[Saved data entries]
▬▬▬▬▬▬▬▬▬▬

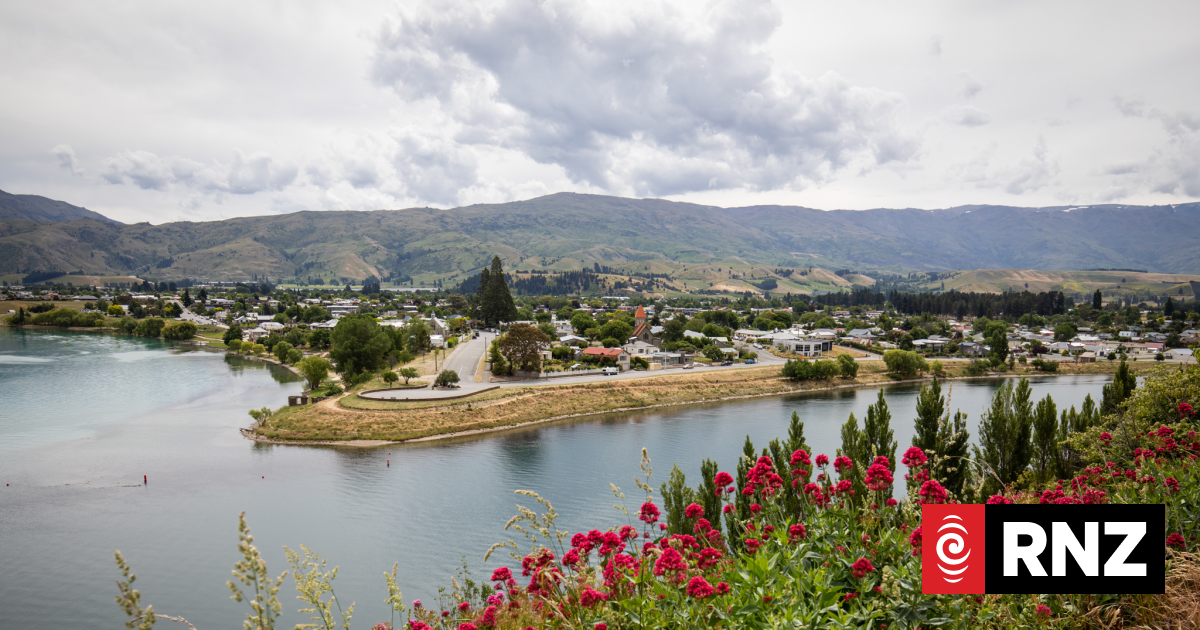 Average home in Cromwell passes $1m as Queenstown forces buyers further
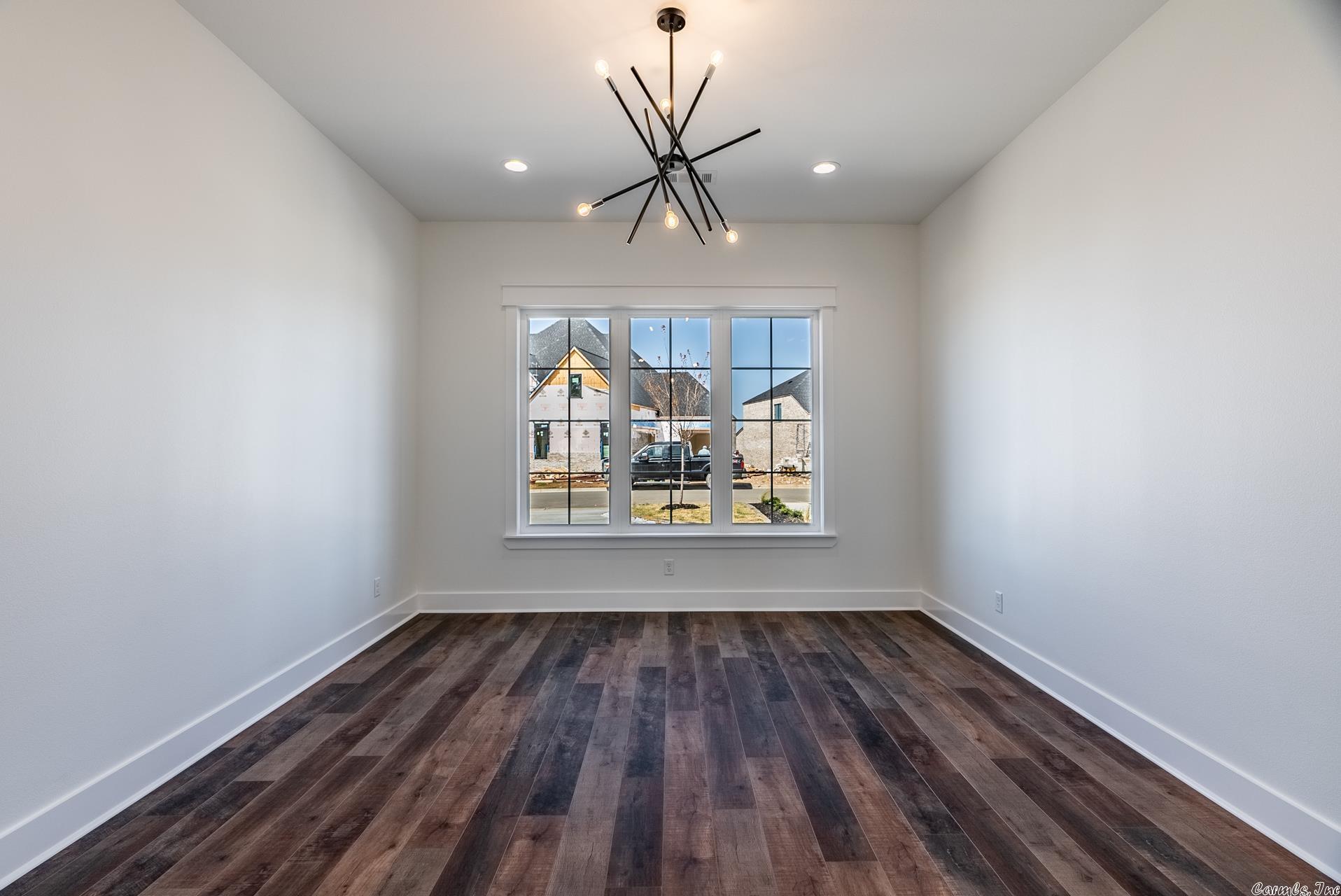 CHENAL VALLEY "FALSTONE COURT" - Residential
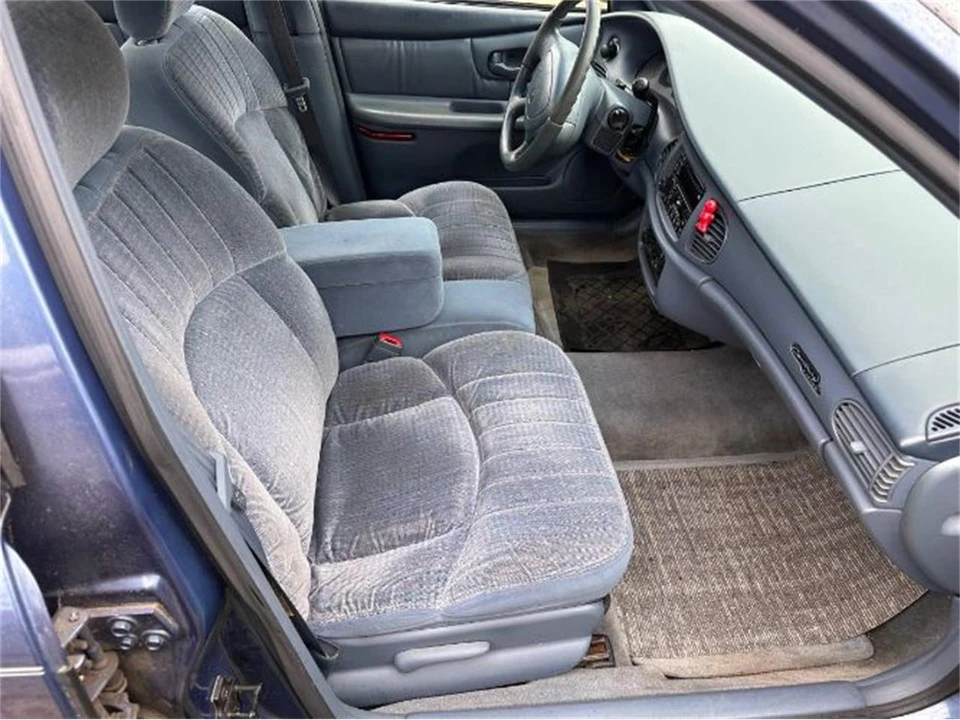 1998 Buick Century - Image 10 of 15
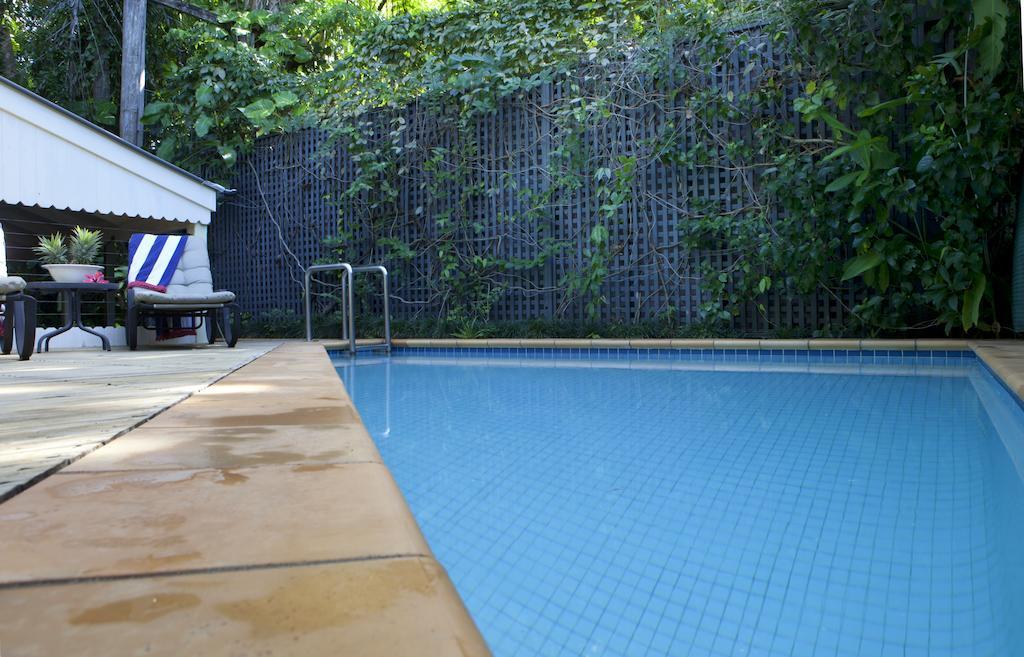 Port Douglas Cottage & Lodge Bilik gambar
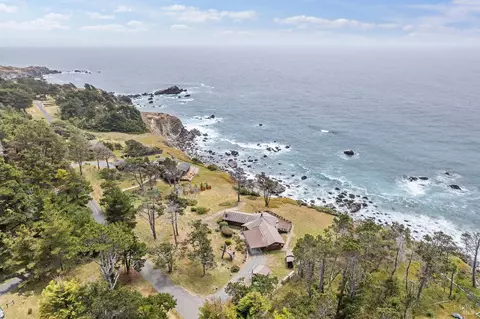 View/Area - 22100 Ninive Dr, Jenner, CA 95450 photo 1 of 8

▬▬▬▬▬▬▬▬▬▬

● **What you are asked to do**
Write out, exactly as they stand, the line with "1998 Buick Century - Image 10 of 15" and every line after it through the end of the entries above; omit the pictures.

● **Response area**
 1998 Buick Century - Image 10 of 15
 Port Douglas Cottage & Lodge Bilik gambar
 View/Area - 22100 Ninive Dr, Jenner, CA 95450 photo 1 of 8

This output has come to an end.